I was, however, prevailed upon to do the job – I think perhaps because I had been a witness to the unthinkable and unspeakable when I was a part of the British Army which, one April afternoon in 1945, reached the gates at Bergen-Belsen.

For that reason I accepted. I worked my way through more than 1,000 pages, and then wondered where on earth to start. Who now would care? It was all so long ago. And time heals; even grief.

But then I remembered that it had taken
me
a great many years to forget that afternoon in the pine forest and heath. When I did try to speak of it a few years ago I failed, choked on distress, and unmanned myself. But I had been there and I had seen.

Who now, apart from the surviving witnesses like myself, would give a fig?
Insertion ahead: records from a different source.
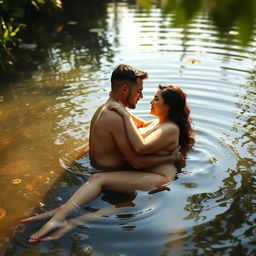 A romantic scene depicting a couple immersed in shallow pond water, completely nude and engaged in a tender moment together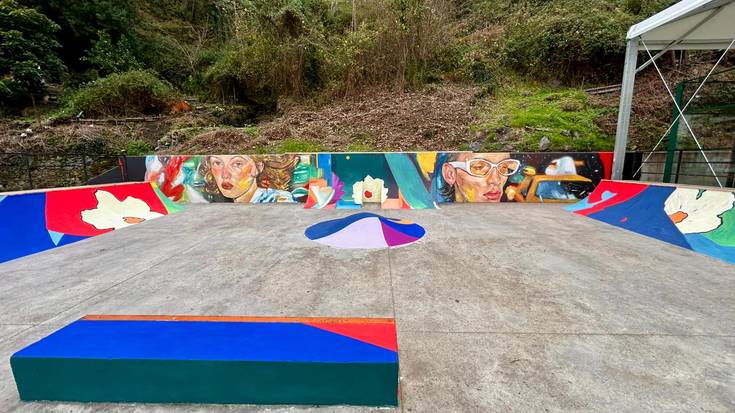 Skate parkean mural berria egin du Jokin Oregi, "Sortwo" artistak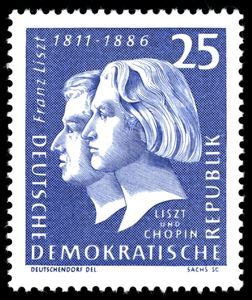 Stamp Liszt and Frédéric Chopin Germany Democratic Republic DDR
Who would even bother to answer the question I posed in my review three weeks ago:
Why?

To date nearly 200 people have tried to assist me: the letters now fill a box-file, and I did my best to reply to every one.

Except for the dozen or so examples of hate mail which arrived,
as I had known they would, unsigned and with no return address – abusive, ugly, worrying. Hate still exists very strongly.
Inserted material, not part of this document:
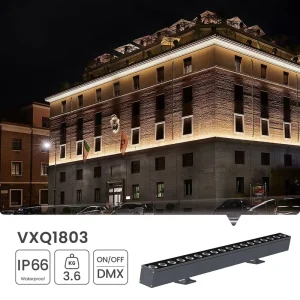 Waterproof Aluminum RGB 72W LED Wall Washer Light, IP66 Outdoor, DMX512 Control, High CRI 80, High-Rise Building Lighting, 3-Year Warranty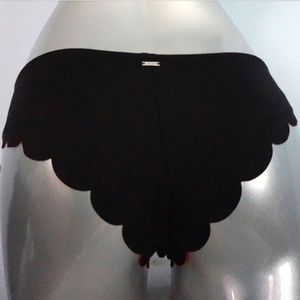 PINK Victorias Secret Nwt Solid Black Scalloped Swim Bikini Bottom XS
But for the rest the warmth and kindness, the anxiety to try to answer my simple question, were incredible.

I must make it clear that these letters came from all over Britain. Some from Europe; one or two, even, from Australia. A nerve had been touched. It was, as it turns out, not quite as simple as I had thought.

These letters were not only from people of my age or from people who, like me, had been witnesses themselves; they came from a much younger generation, too, who wanted to know and, more importantly, wanted their children to know.

The letters written to me were forwarded, including the hate-mail and the glossy – and well-produced – pamphlets and booklets explaining the details of the ‘Jewish conspiracy against the Gentile'. There was also the photographic, colour brochure which sets out to prove conclusively that no Jews were ever gassed at Auschwitz. That is entirely false Jewish rubbish, according to the brochure. The gas chambers were merely there to fumigate the ‘clothing of the Jews'.

So now we know. The hatred still exists. And even in the kindest letters there lurks a sad feeling of worry and anxiety. A Jew is not to be trusted. I am counselled to read my Old Testament. To read the Psalms. To understand that the Jews were responsible for the crucifixion of Christ.

That feeling is ever-present: but, equally, there is a feeling of distress that this hatred still exists among otherwise rational, normal, decent people who have tried to come to terms with their own doubts. Some younger writers had actually been to Dachau, Belsen, even to Auschwitz and Treblinka. Some deliberately, as a sort of pilgrimage, some just by chance, suddenly on a country lane finding themselves signposted to a familiar and dreadful name where, beyond the lush meadows, the bird song and the tree-dappled shadow, they came across horror beyond comprehension.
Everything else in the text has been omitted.